Accordingly, Estonia’s official position regarding Turkey has always been supportive of its bid for membership in the EU, conditional upon finalising the negotiations of the acquis communautaire. In line with the principle of pacta sunt servanda, Estonia supported the unanimous decision of the member states to grant Turkey accession candidate status in 1999 and to open accession negotiations five years later in 2004. The Estonian political elites – with the partial exception of the pro-Russia Centre Party (Keskerakond) – have thus been traditionally supportive of further EU enlargement and of a more inclusive approach towards the Eastern neighbourhood (in particular, Georgia, Moldova, and Ukraine). While the support for the latter is also shared by a relevant portion of the population, public support to Turkey’s accession specifically has not been very high – according to a Eurobarometer survey, 26 percent of Estonians were in favour of Turkey’s accession in 2006 – and has been subjected to a decreasing trend ever since. At the same time, Estonian elites are aware of the existing enlargement fatigue in the old EU member states both at the political and citizen level.

Like many of the small EU member states, Estonia strongly favours a more integrated approach in foreign affairs, as a way to project its key priorities and to maximize its diplomatic voice. It has therefore also largely reflected in its stance and supported through its actions the European Commission’s position with respect to the EU-Turkey statement on migration in March 2016, in light of the refugee crisis.

Turkey as a remote friend and useful “other”

Several narratives can be identified in the Estonian official and public discourses regarding Turkey. Traditionally, Estonian official discourse aligns with the Westernization narrative, as Turkey is represented as an example of a modern Muslim country that has gone through a difficult process of democratization, much like Estonia itself, albeit under different conditions. Estonia has been willing to support Turkey regarding sectoral reforms, the modernization of state administration and the negotiation of the EU acquis. The official discourse emphasises shared values and historical ties between Estonia and Turkey, e.g. with respect to the non-recognition of the occupation of Estonia by the Soviet Union after World War II.

Another prominent narrative in the official discourse is related to Turkey as a geostrategic partner.
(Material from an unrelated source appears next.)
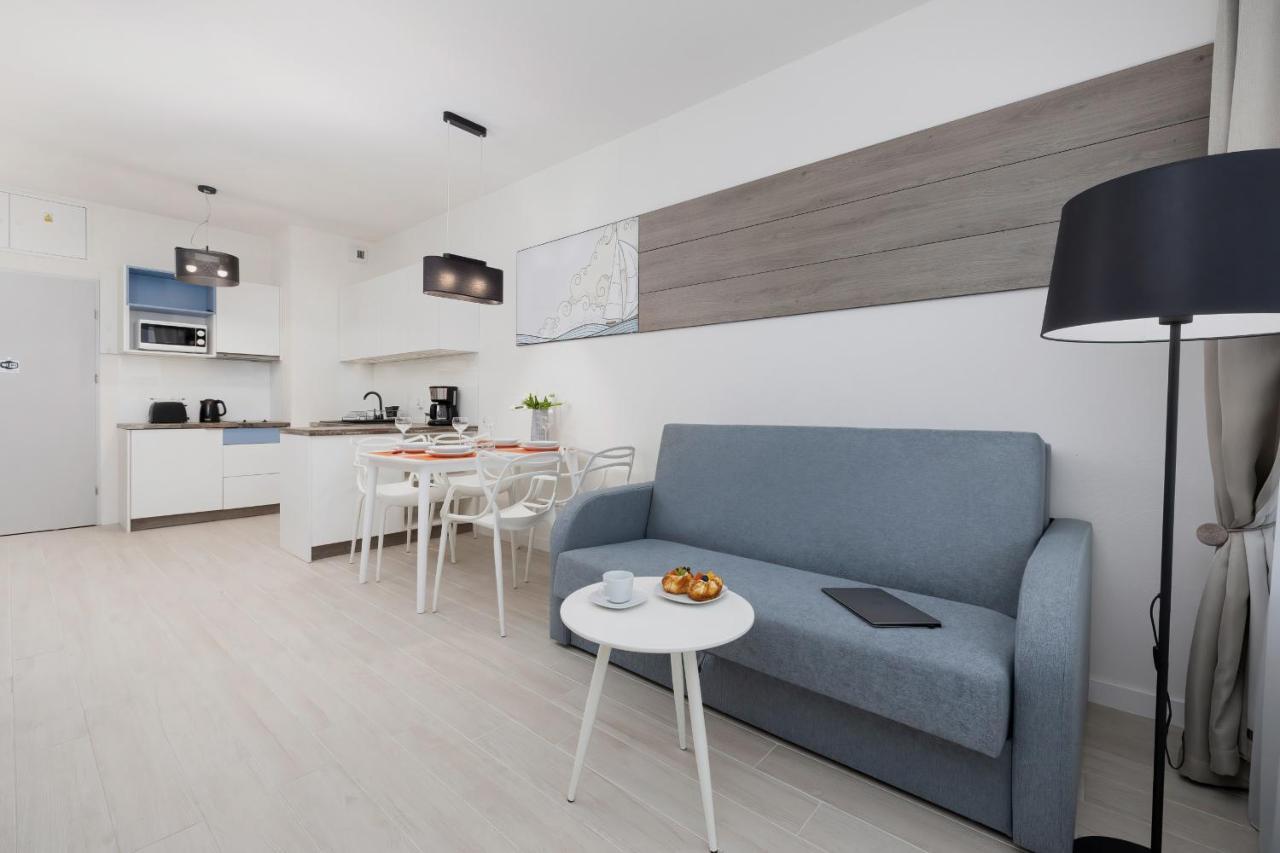 Apartamenty Aquamarina Onyx By Noclegi Renters Miedzyzdroje Bagian luar foto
Above all, this is connected to Turkey’s role within NATO structures, the latter perceived by Estonia as the central element to both countries’security. Turkey’s military power and its contribution to policing the Baltic airspace are especially emphasized.

In the early stages of Turkey’s official candidate status (early 2000s), the public debate in Estonia combined elements both from geostrategic and cultural narratives. Geographically, Turkey was considered distant, so its political influence and role did not receive much attention among the population. Turkey was also perceived as culturally different from Christian Europe (the cultural “Other”), but the prospects of Turkey’s accession were not realistic enough for this to constitute a major element of the public debate.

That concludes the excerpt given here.